📘 基于长短期记忆网络（LSTM）的黄金价格预测模型/Gold_Data.ipynb

import numpy as np
import pandas as pd
import matplotlib.pyplot as plt
import plotly.express as px
from sklearn.preprocessing import MinMaxScaler
from sklearn.metrics import mean_absolute_percentage_error, mean_squared_error, r2_score, explained_variance_score
from keras import Model
from keras.layers import Input, Dense, Dropout, LSTM
from keras.callbacks import EarlyStopping
import warnings

warnings.filterwarnings('ignore')

# === 数据收集与预处理 ===
df = pd.read_csv('Gold_Data.csv')

# 1. 数据清洗：去除无关列（如交易量和百分比变化），确保数据质量
# df.drop(['Volume'], axis=1, inplace=True)  # 如果你不需要成交量数据，去除该列

# 2. 日期格式转换与排序
df['Date'] = pd.to_datetime(df['Date'])
df.sort_values(by='Date', ascending=True, inplace=True)
df.reset_index(drop=True, inplace=True)

# 3. 去除“,”符号并转换为float类型
NumCols = df.columns.drop(['Date'])
df[NumCols] = df[NumCols].replace({',': ''}, regex=True).astype('float64')

# 4. 缺失值检查
if df.isnull().sum().sum() > 0:
    print("数据中存在缺失值！请检查。")
else:
    print("数据无缺失值。")

# === 数据波动规律分析 ===
# 使用描述性统计方法分析黄金价格波动特性
print(f"黄金价格数据的均值:\n{df['Adj_Close'].mean()}")
print(f"黄金价格数据的标准差:\n{df['Adj_Close'].std()}")
print(f"黄金价格数据的变异系数:\n{df['Adj_Close'].std() / df['Adj_Close'].mean()}")

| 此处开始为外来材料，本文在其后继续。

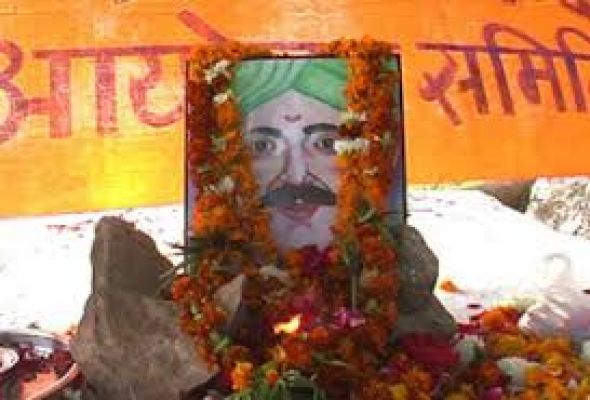  14 जनवरी 1958 : सीहोर में 356 क्राँतिकारियों का बलिदान 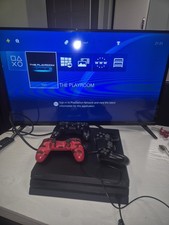 PS4 Pro Console 1TB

# 自相关函数与偏自相关函数分析 (ACF 和 PACF)
from statsmodels.graphics.tsaplots import plot_acf, plot_pacf
plot_acf(df['Adj_Close'], lags=50)
plt.title('自相关函数 (ACF) 分析')
plt.show()

plot_pacf(df['Adj_Close'], lags=50)
plt.title('偏自相关函数 (PACF) 分析')
plt.show()

# === 可视化黄金价格 ===
fig = px.line(y=df['Adj_Close'], x=df['Date'], title="Gold Price History Data")
fig.update_traces(line_color='black')
fig.update_layout(plot_bgcolor='rgba(255,223,0,0.8)', xaxis_title="Date", yaxis_title="Scaled Price")
fig.show()

# === 数据预处理：标准化与归一化 ===
scaler = MinMaxScaler()
scaler.fit(df['Adj_Close'].values.reshape(-1, 1))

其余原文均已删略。